Depuis 1976 et “Blue Moves” (et encore, celui-ci n’ayant pas toujours fait l’objet de critiques aussi élogieuses que celle de Music Waves), Elton John n’est plus que l’ombre de ce qu’il a été dans la première moitié des années 70. Les médiocres "A Single Man" et "21 at 33" encadrant l’indigne "Victim of Love" ne viendront pas démentir cette impression. Elton John fait de méritoires efforts pour "vivre avec son temps" et suivre l’évolution musicale qui s’est dessinée à l’aube des années 80 mais force est de constater qu’il semblait plus inspiré par le style des années 70 que par celui plus clinquant et tape-à-l’œil de la décennie suivante.
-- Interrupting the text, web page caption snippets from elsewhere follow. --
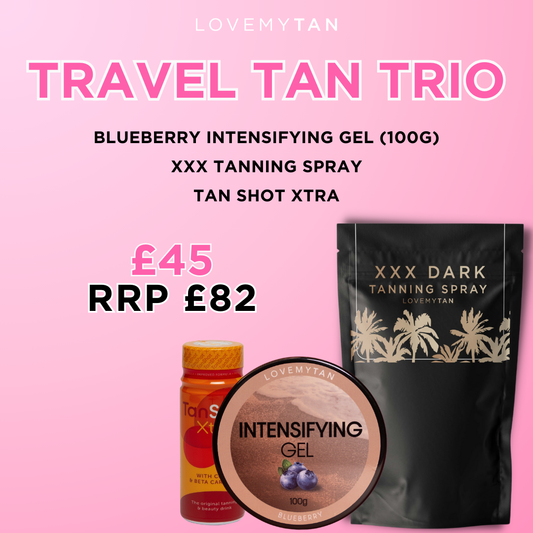 Travel Tan Trio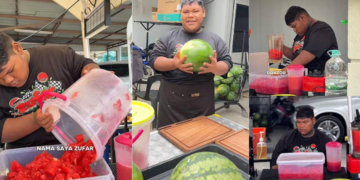 “Pay What You Want” Watermelon Juice: Teen’s Watermelon Stall Captures Attention And Strong Support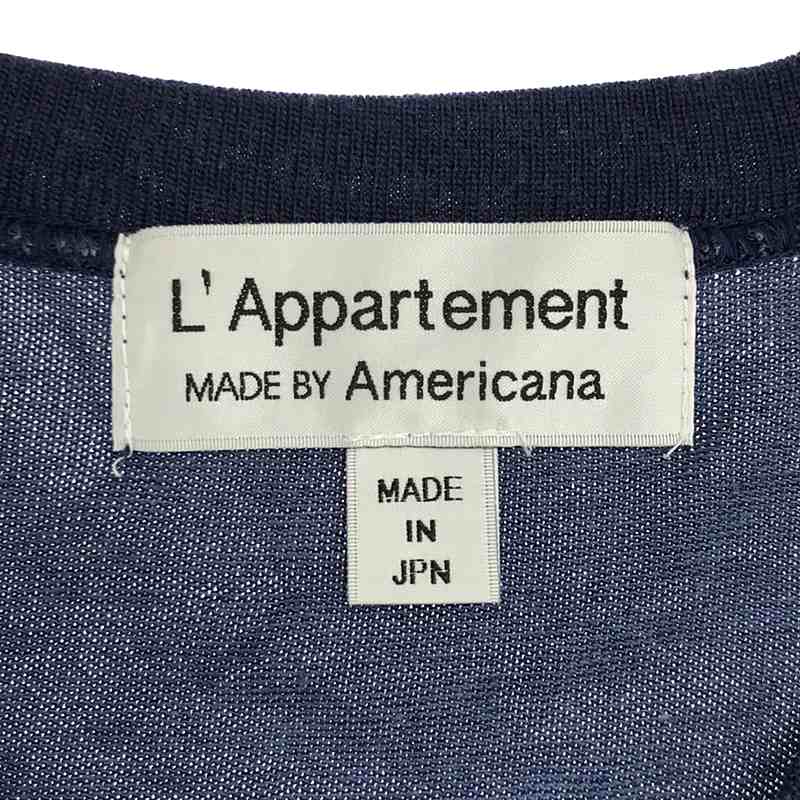 L'Appartement / アパルトモン AMERICANA Football T-sh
Néanmoins, avec une ténacité forçant le respect et une régularité métronomique, il continue à honorer chaque année d’une nouvelle livraison.
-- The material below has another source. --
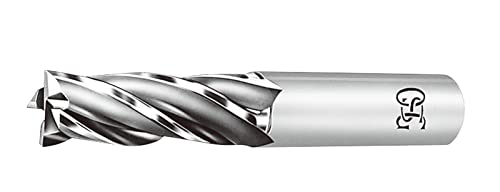 オーエスジー 4枚刃ハイススクエアエンドミルセンタカットショート形 外径29mm 全長125mm 刃長55mm シャンク径25mm CC-EMS 29(80739)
Quinzième album studio, "The Fox" réussira-t-il à relever quelque peu le niveau bien bas de ses prédécesseurs ? L’histoire nous raconte que l’album se vendra mal, résultat logique du déclin de popularité que connaît l’artiste, qui ne remplit plus ses salles de concert, plus que reflet de la qualité intrinsèque de l’opus. Alors, qu’en est-il réellement ?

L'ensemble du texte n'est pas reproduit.